# University Library, University of Illinois at Urbana-Champaign

A guide to visualizing your data using four common types of charts.

## Types of data for scatter plots

Scatter plots are excellent for comparing two quantitative variables to see if they correlate.

In the scatter plot below, we can see a positive correlation between car speed and stopping distance. In other words, the faster the car was going, the longer distance it would require to stop.

## Making an excellent scatter plot

Strive for clarity: Each point on a scatter plot represents one data point. You'll want to make sure that these points are big enough to see, but not so big they obscure each other. Unless you have a very good reason to add color, it is probably best to keep a scatter plot grayscale.

Consider a trend line: If the scatter plot shows a linear correlation between the two variables, it can be helpful to include the trend line that summarizes the correlation. This can be useful whether the trend is positive or negative. (Negative in this sense simply means that the correlation is inverse: when one variable increases, the other decreases.)

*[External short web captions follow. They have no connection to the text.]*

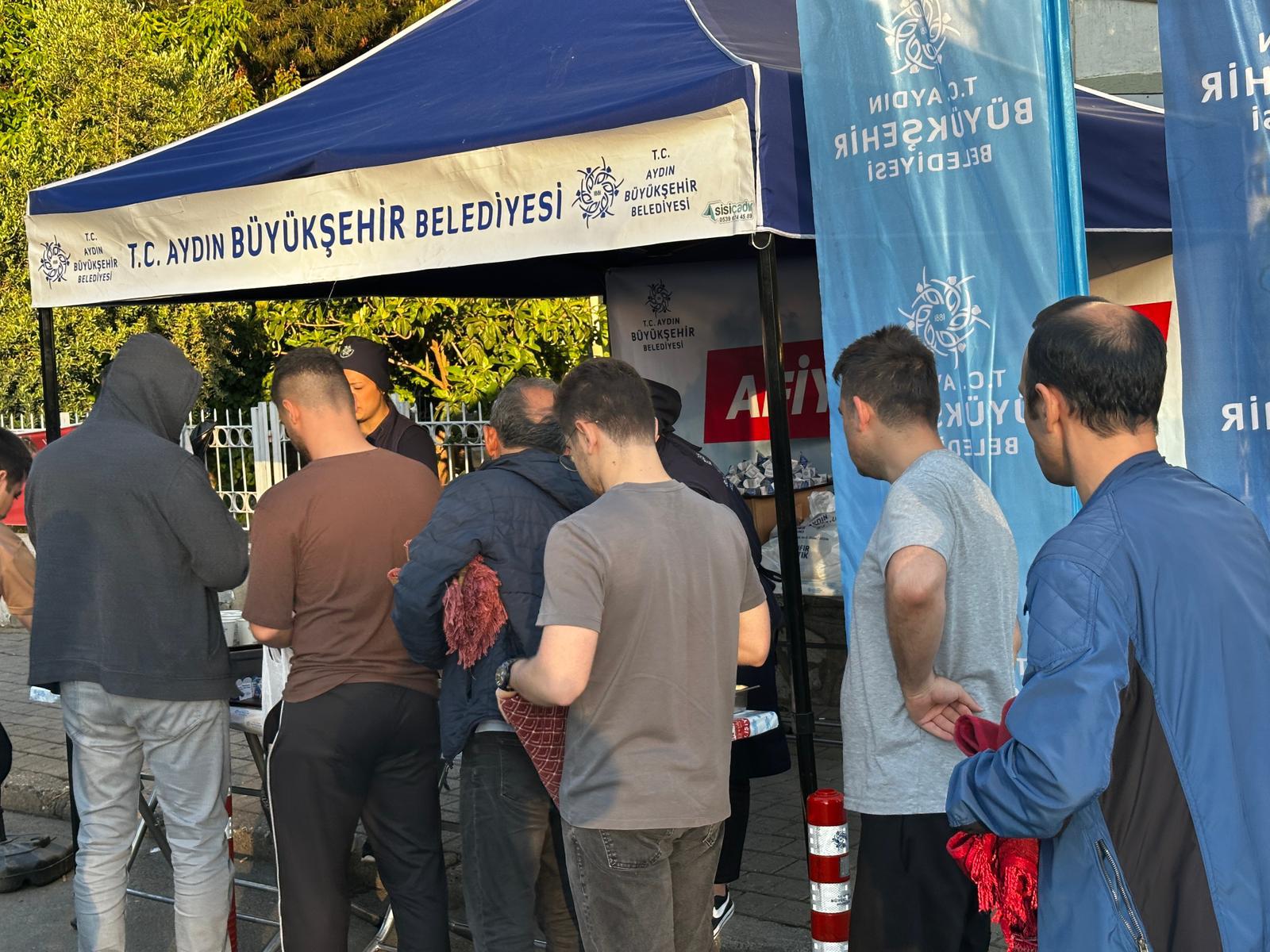 AYDIN BÜYÜKŞEHİR BELEDİYESİ VATANDAŞLARLA BAYRAMLAŞTI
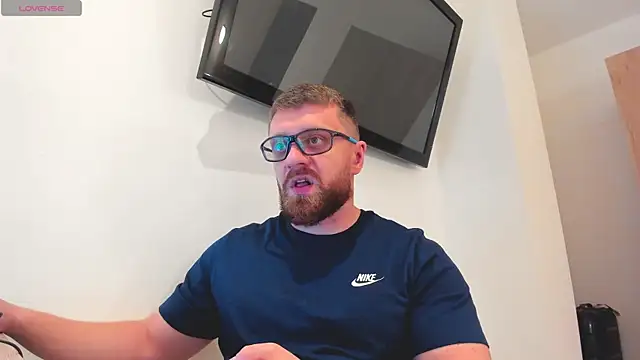 Snapshot of Findom_guy chatting on 02/20/26, 09:39 Findom guy online show from 02/20/26, 09:39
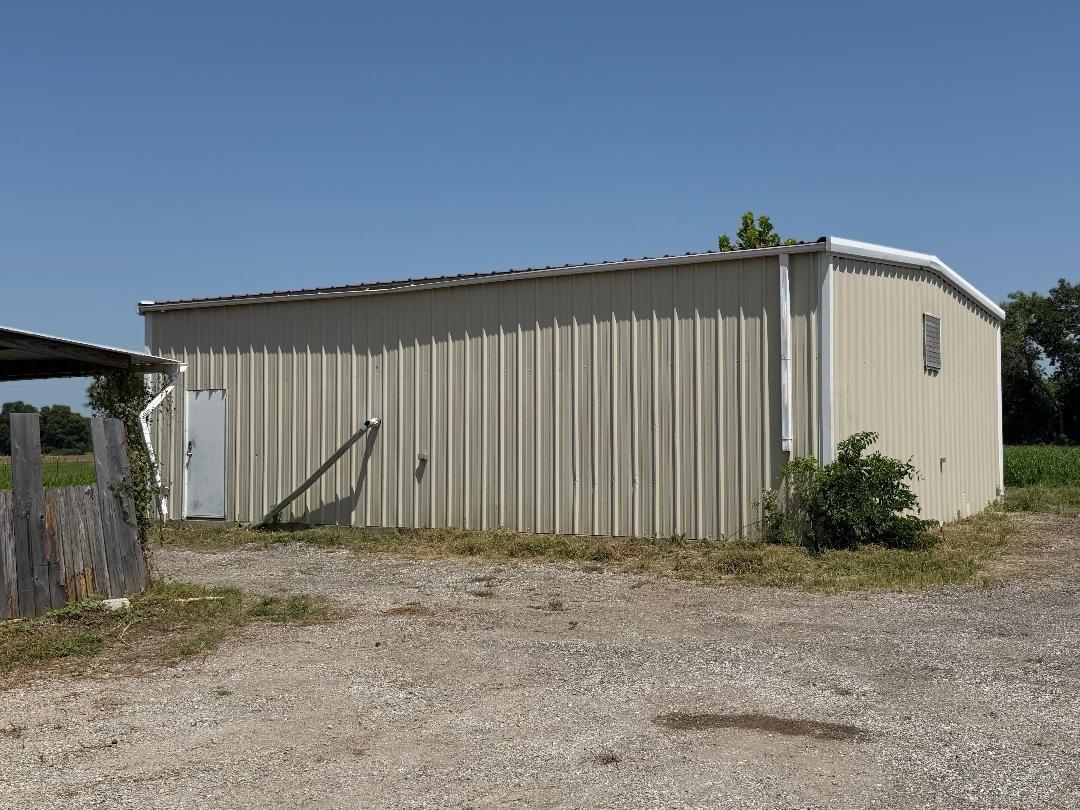 main property photo 26
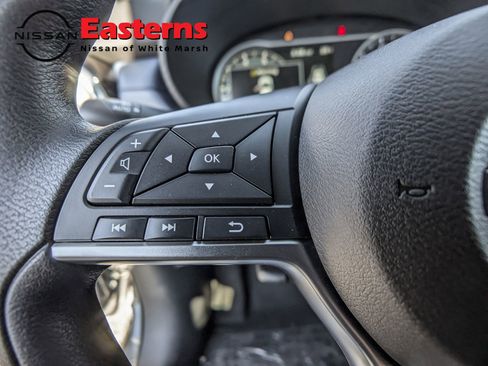 New 2025 Nissan Versa SV w/ Trunk Package image 16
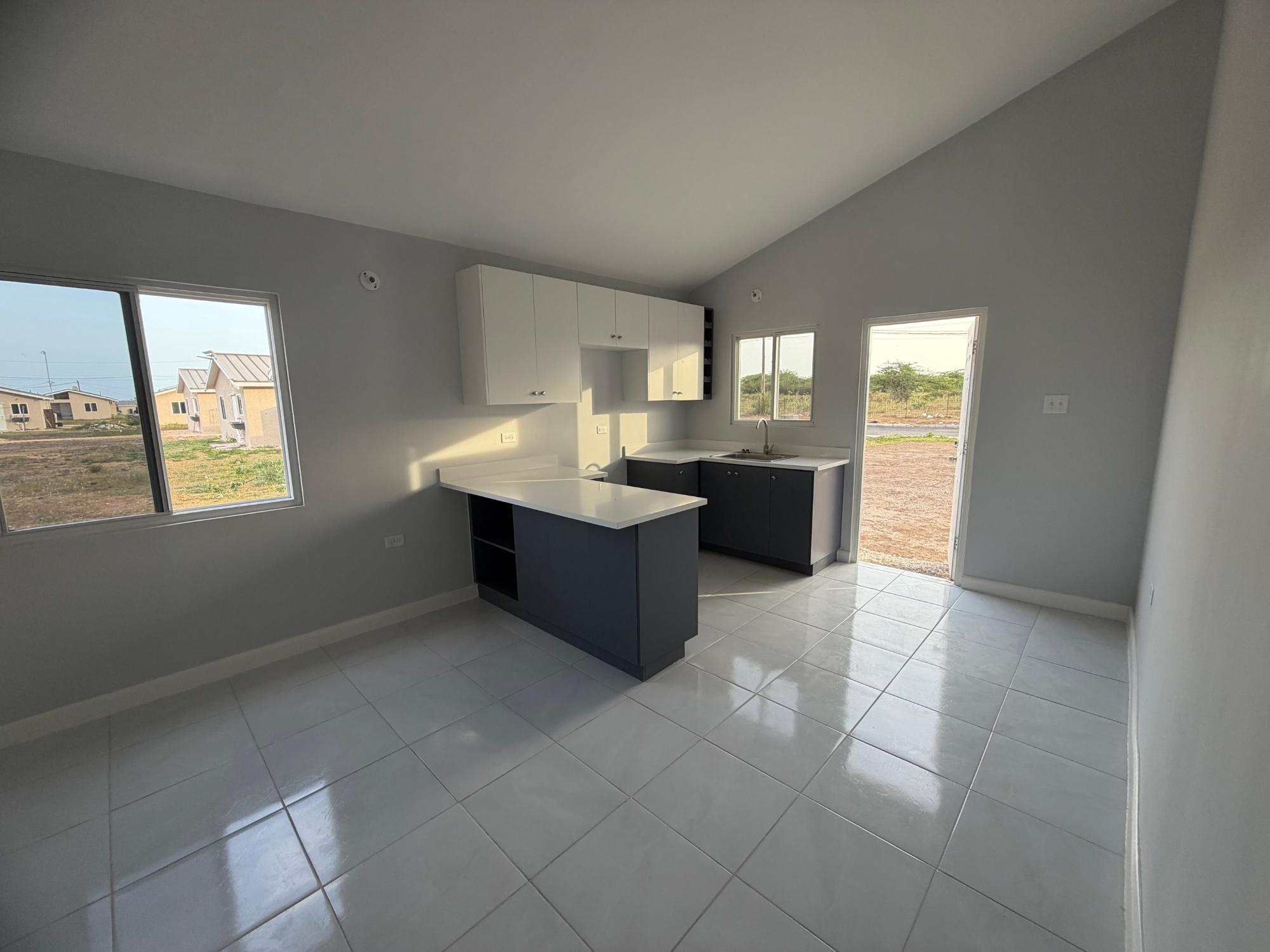 House For Rent: WHIM ESTATES, Old Harbour | $100,000 photo 6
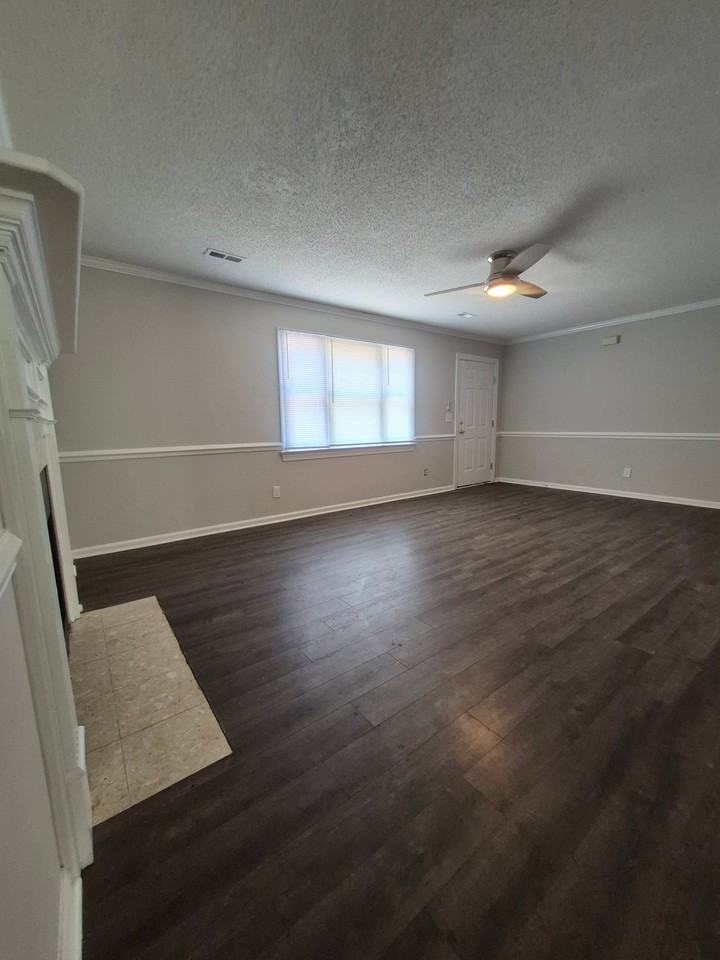2909 Cedar Creek Rd #A - Photo 4 of 20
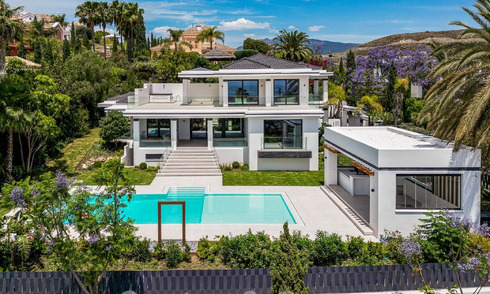 Villa neuve, moderniste et design à vendre avec vue sur le terrain de golf dans un resort de golf, Marbella - Benahavis 55435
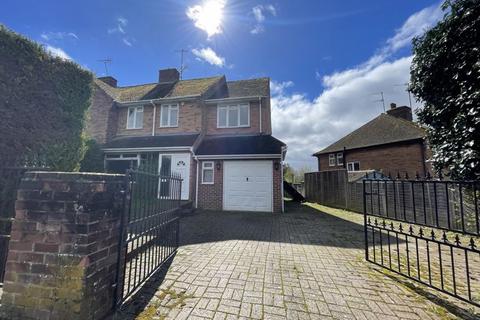 14 Fishermans Way, Bourne End, SL8 5LY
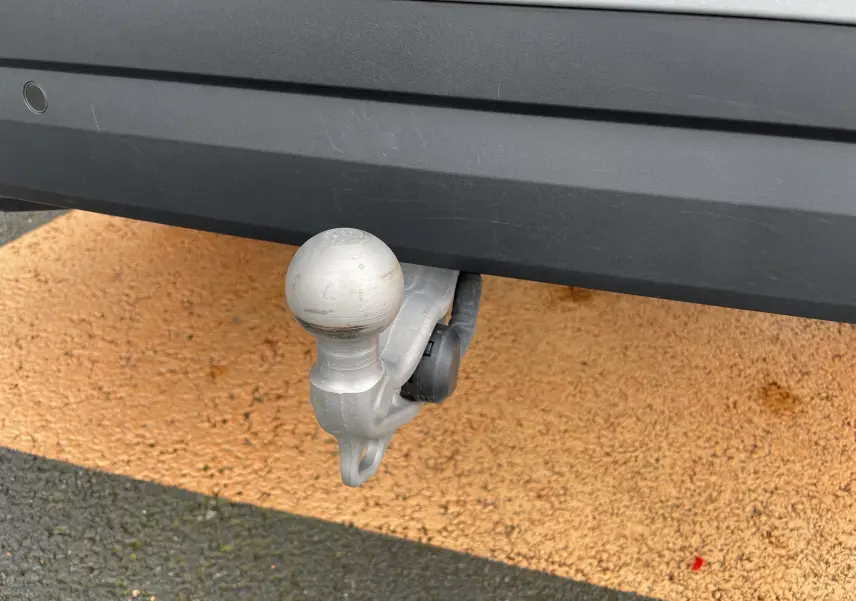 Gros plan sur l'attelage arrière en métal d'un Skoda Kodiaq noir métal 2024, soulignant sa robustesse et fonctionnalité.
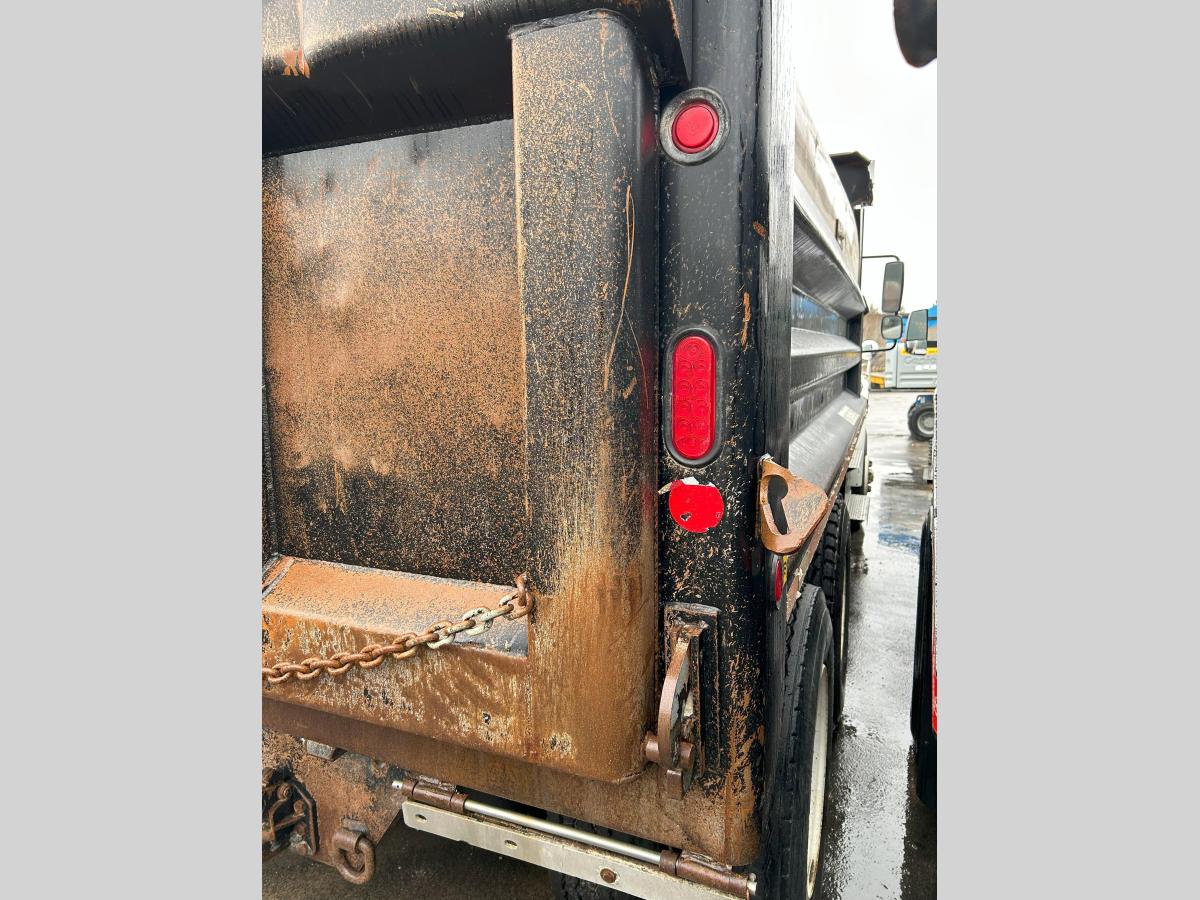 2019 Freightliner M2106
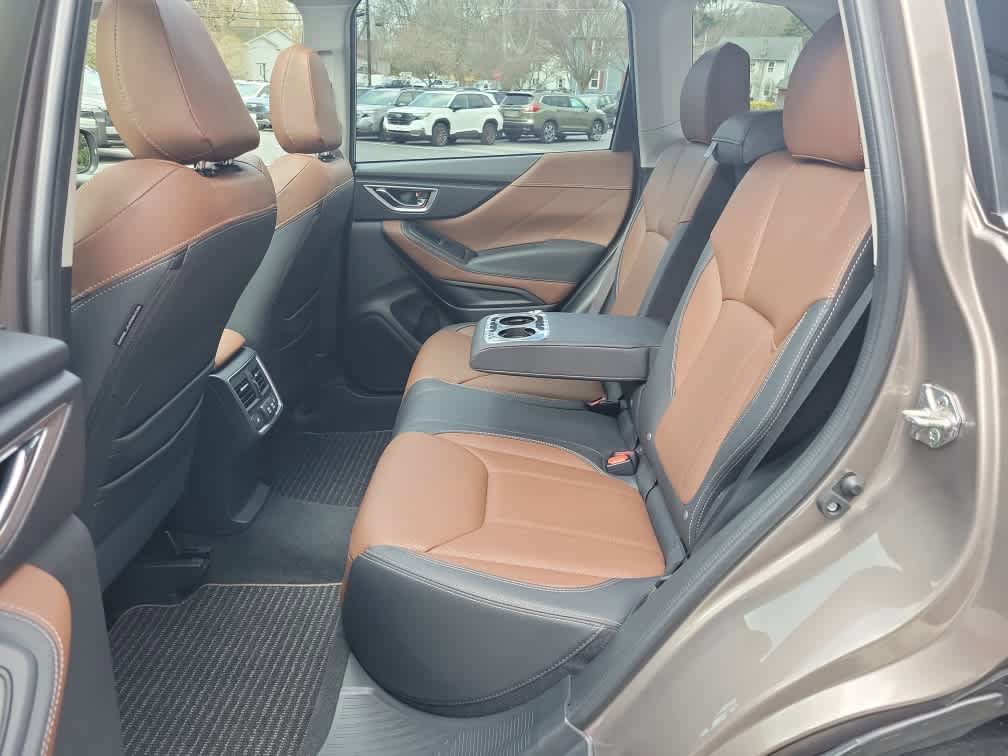 Used 2022 Subaru Forester Touring AWD/4WD image 34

Consider the scale: Sometimes, your data will demonstrate exponential increases or decreases in value. In this case, it may make sense to draw the scatter plot axes on a logarithmic scale instead of a linear scale.

Below is a scatter plot that compares Gross National Income per capita to life expectancy. Notice that the x-axis, income, is on a logarithmic scale: each increasing tick mark is twice as much as the tick mark before.

Above chart "GNI and Life Expectancy log scale" created by Wikipedia user Ljstalpers under CC-BY-SA 4.0.

## Things to avoid

Spurious correlations: Be careful about conflating correlation and causation. It's tempting to ascribe cause and effect when two variables correlate, but coincidental correlations happen all the time. (You can see some amusing examples at the website Spurious Correlations.) When creating and sharing a scatter plot, be clear about what the correlation (or lack thereof) can suggest, as well as what you don't have data to support.

Too little or too much: Try not to use a scatter plot when you either have very few data points, or a large number of data points. If you have too few points, any trends could show up completely by chance. On the other hand, if you have too many data points they will overlap and prevent your audience from seeing the whole picture.

## Accessibility considerations

Color: One important consideration for accessibility is the use of color. There are several different types of color-blindness, which can affect how well your audience reads your chart. The most common is red-green color-blindness, which means that red and green look very similar. As much as you may want to use green to mean something positive and red to mean something negative, you should pick a different pair of colors instead. The websites ColorBrewer, Contrast-A, and Viz Palette are great tools for identifying colors that work well together and also work for color-blind audiences. You can also check your finished product against a color blindness simulator. You may also want to test how your chart looks in black and white, either by printing it out or using your chart creation tool to transform the colors to grayscale.

Text: It's also important to ensure that any text on your chart is easy to read, which is affected by both the size of the text and the choice of font. Try to avoid "pretty" fonts; it's best to use something sans serif like Ariel or Calibri. When designing your chart, try to keep all text horizontal (nobody wants to have to tilt their head to read). Make sure your chart title and any labels are descriptive and clear.

Embedding an image: If you are embedding the chart as an image in a document or online, you should also include an "alt" tag that describes what the chart shows. If you are able to share the data behind the chart, it is also recommended to provide a descriptive link to the data near the chart image.